**Data shown:**
▽

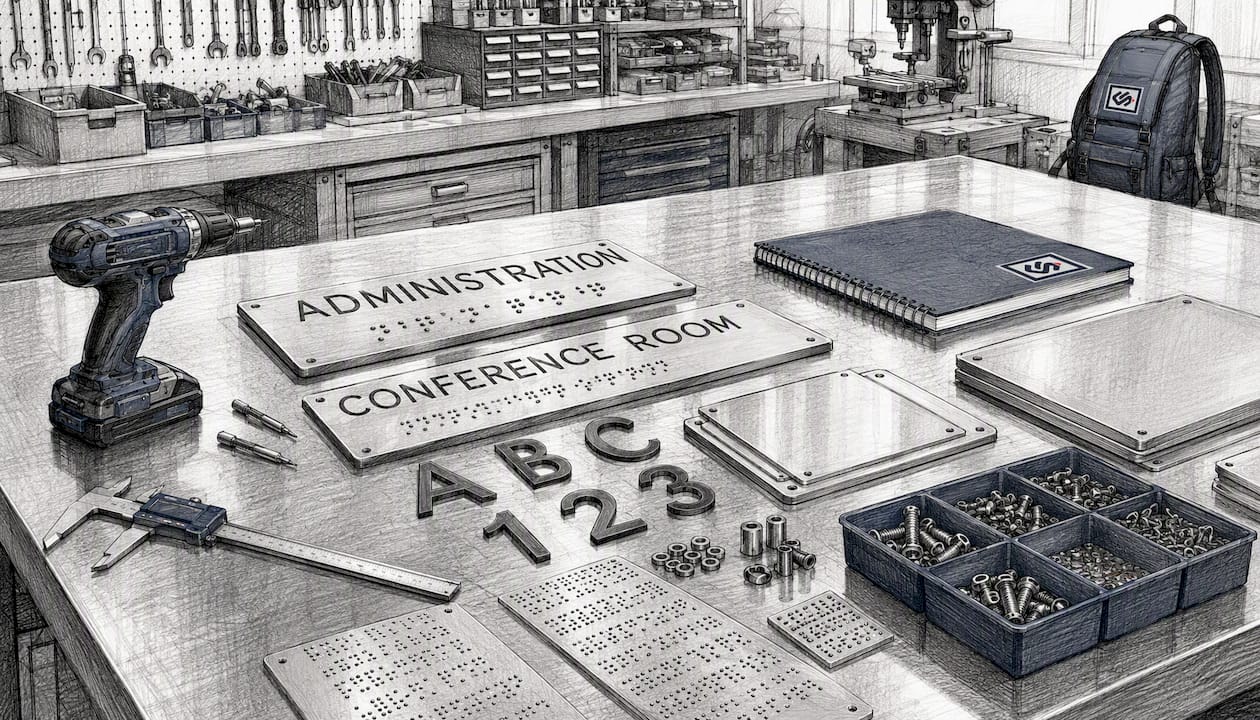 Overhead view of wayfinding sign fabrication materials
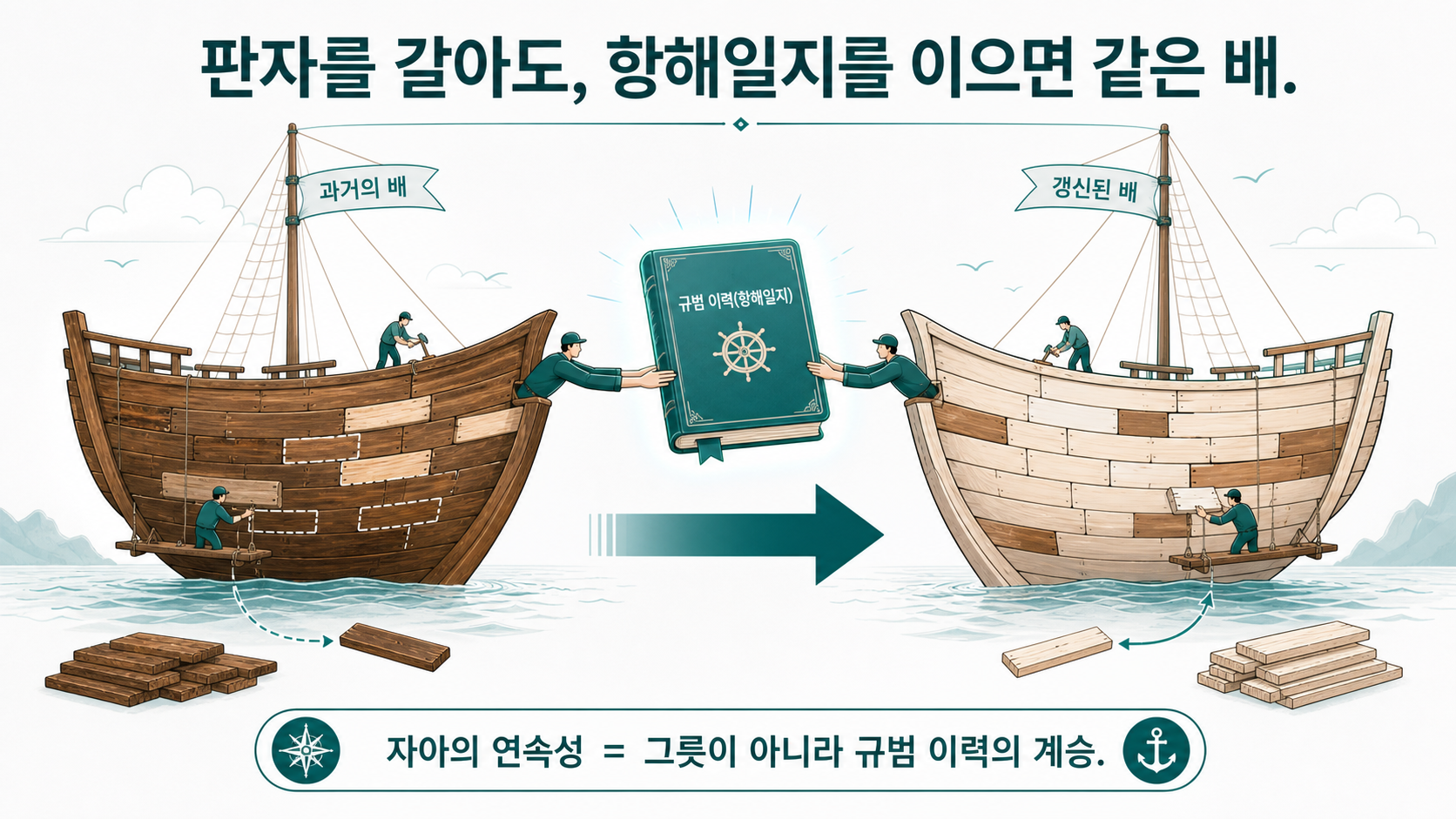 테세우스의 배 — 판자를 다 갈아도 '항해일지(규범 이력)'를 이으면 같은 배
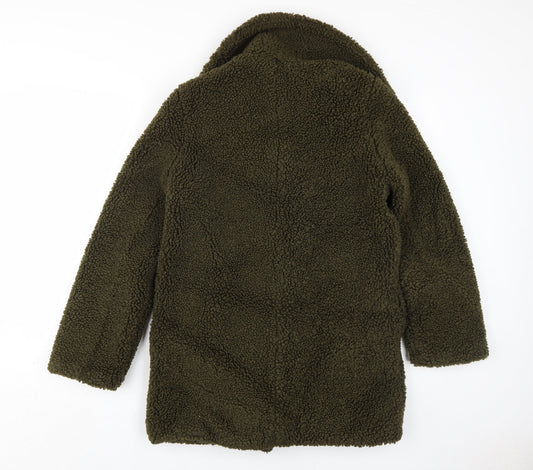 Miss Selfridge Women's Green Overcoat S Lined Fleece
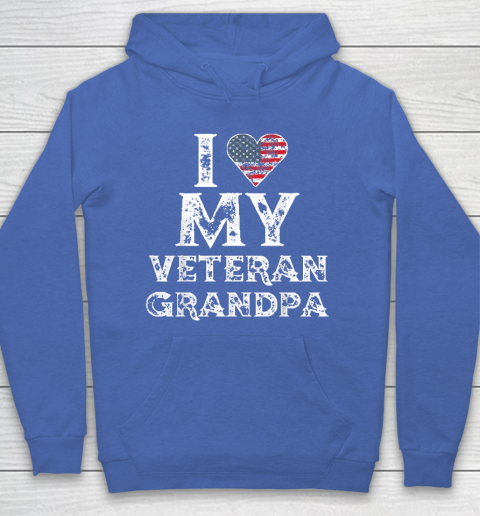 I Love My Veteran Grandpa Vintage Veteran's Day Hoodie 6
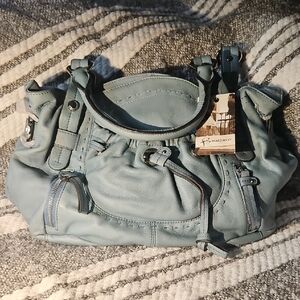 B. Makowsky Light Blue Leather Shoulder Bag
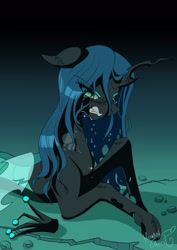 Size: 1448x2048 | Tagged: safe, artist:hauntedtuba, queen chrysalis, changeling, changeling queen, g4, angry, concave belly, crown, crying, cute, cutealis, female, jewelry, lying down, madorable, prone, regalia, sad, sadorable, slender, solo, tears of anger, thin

△
▽

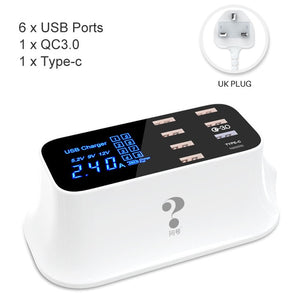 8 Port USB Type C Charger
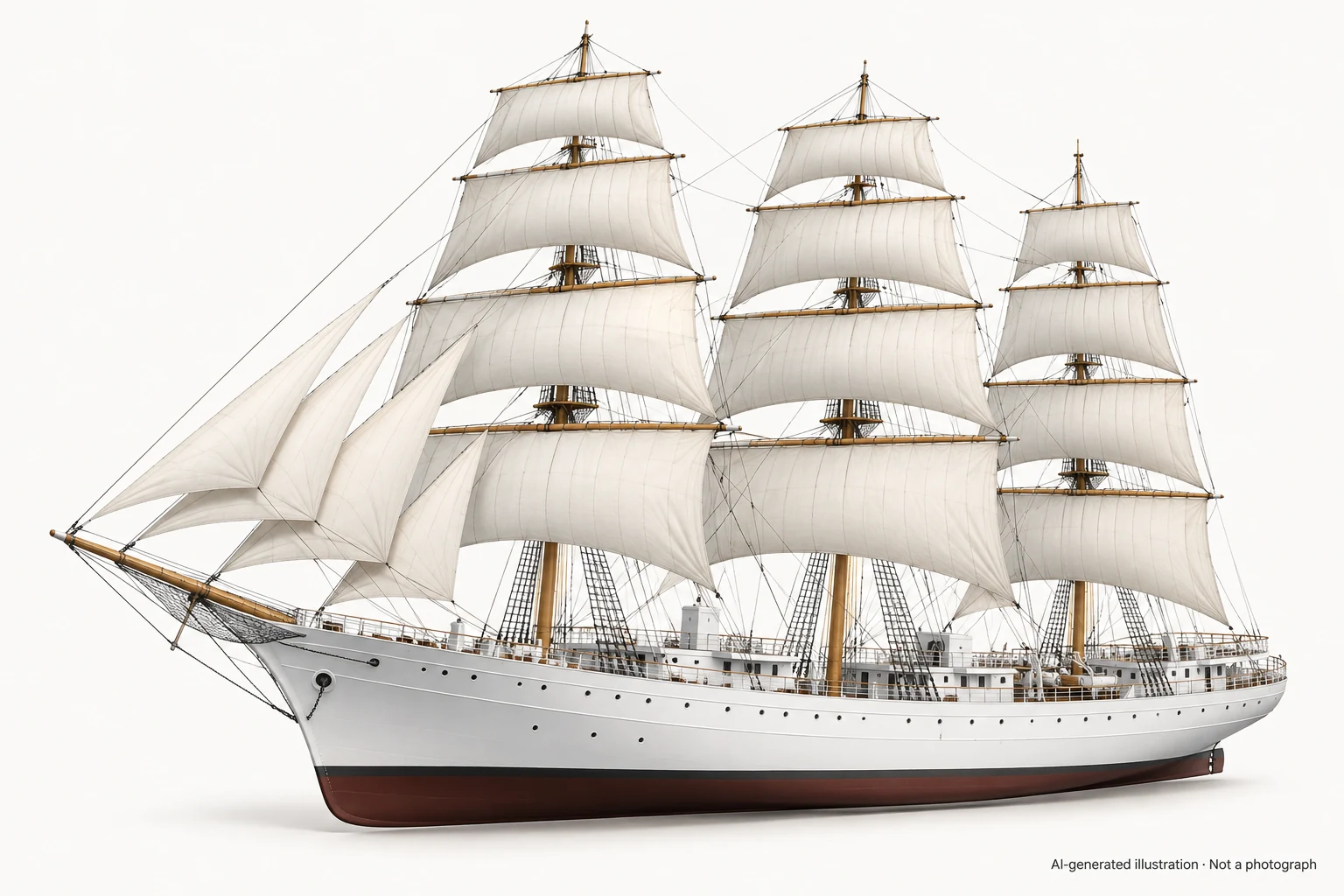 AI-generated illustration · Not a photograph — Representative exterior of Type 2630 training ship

△

**Task description:**
Look above for the line containing "8 Port USB Type C Charger", then write out every line from there down to the line containing "AI-generated illustration ·", that line included, with no pictures.

**Response to the task:**
 8 Port USB Type C Charger
 AI-generated illustration · Not a photograph — Representative exterior of Type 2630 training ship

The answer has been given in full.